I know it was higher because my libido was much higher than normal. It can't have been due to anything else because I hadn't changed anything else like food or workout routine. I am in my 30's now and libido is not what it used to be but the test booster sent it back to teenager levels.


----------



## mootonandy (Jan 29, 2011)

flapjack said:


> Thanks for the info :thumbup1:
> 
> T bomb 2 is £40 a bottle over here. For the same money I can eat 1Lb of lean mince beef per day for 3 weeks. lol.

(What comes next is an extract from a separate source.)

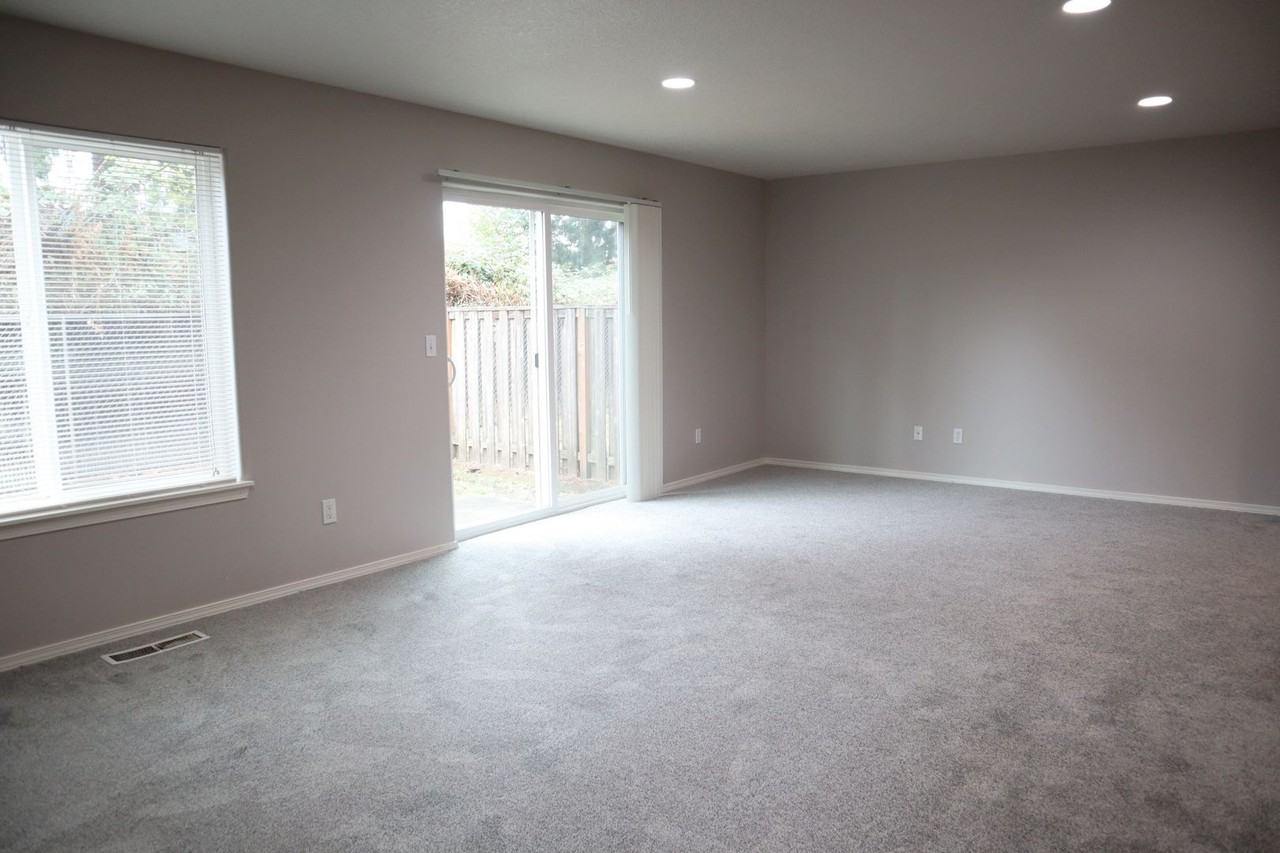 10513 Ne 63rd St - Photo 5 of 23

T Bomb 2 gets slated on the american bodybuilding forums. Activate Extreme and Bioforge are the ones they seem to respect the most. The new one from Driven Sports called Triazole gets good reviews too.


----------



## mootonandy (Jan 29, 2011)

zelobinksy said:


> I've tried ZMA and it was really good.
> 
> to be honest if your under 40 I can't see many working if any, ZMA on the other hand is a vitamin/mineral supplement of which are essential to various bodily functions.
> 
> ...


I slept like a baby when I took ZMA, but it did give me rather strange dreams.


----------



## hackskii (Jul 27, 2003)

But you guys realize that zinc happens to be a mild aromataze inhibitor and men do need zinc for healthy sperm and testosterone levels.

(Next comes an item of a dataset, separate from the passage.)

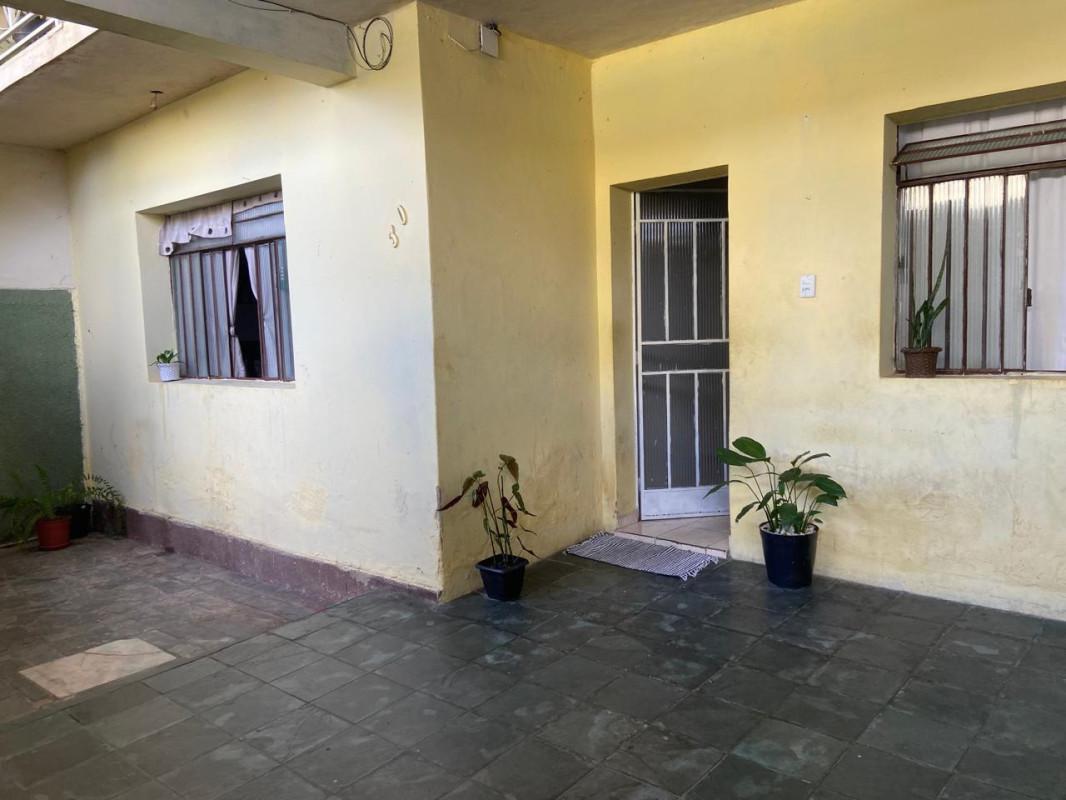 Casa, Industrial, 3 Quartos, 3 Vagas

If you are deficient in this mineral it can compromise things.

If you are not deficient then it makes no sense or diffrence.

Generally speaking testosterone boosters work via way of negative feedback on estrogen.

They do use a combination of SERMS and AI's to achieve this.

Lowering estrogen when estrogen is not a problem is again pointless and counter-productive as estrogen is essential for good health in men.

It is the older guys that have more bellyfat and more aromatase activity that would benefit the most, in fact men @ 55 often have more estrogen than their female counterparts same age.

So, young men that take test boosting products not only dont need them, but wont see any benefits in the gym from them and can put estrogen at risk.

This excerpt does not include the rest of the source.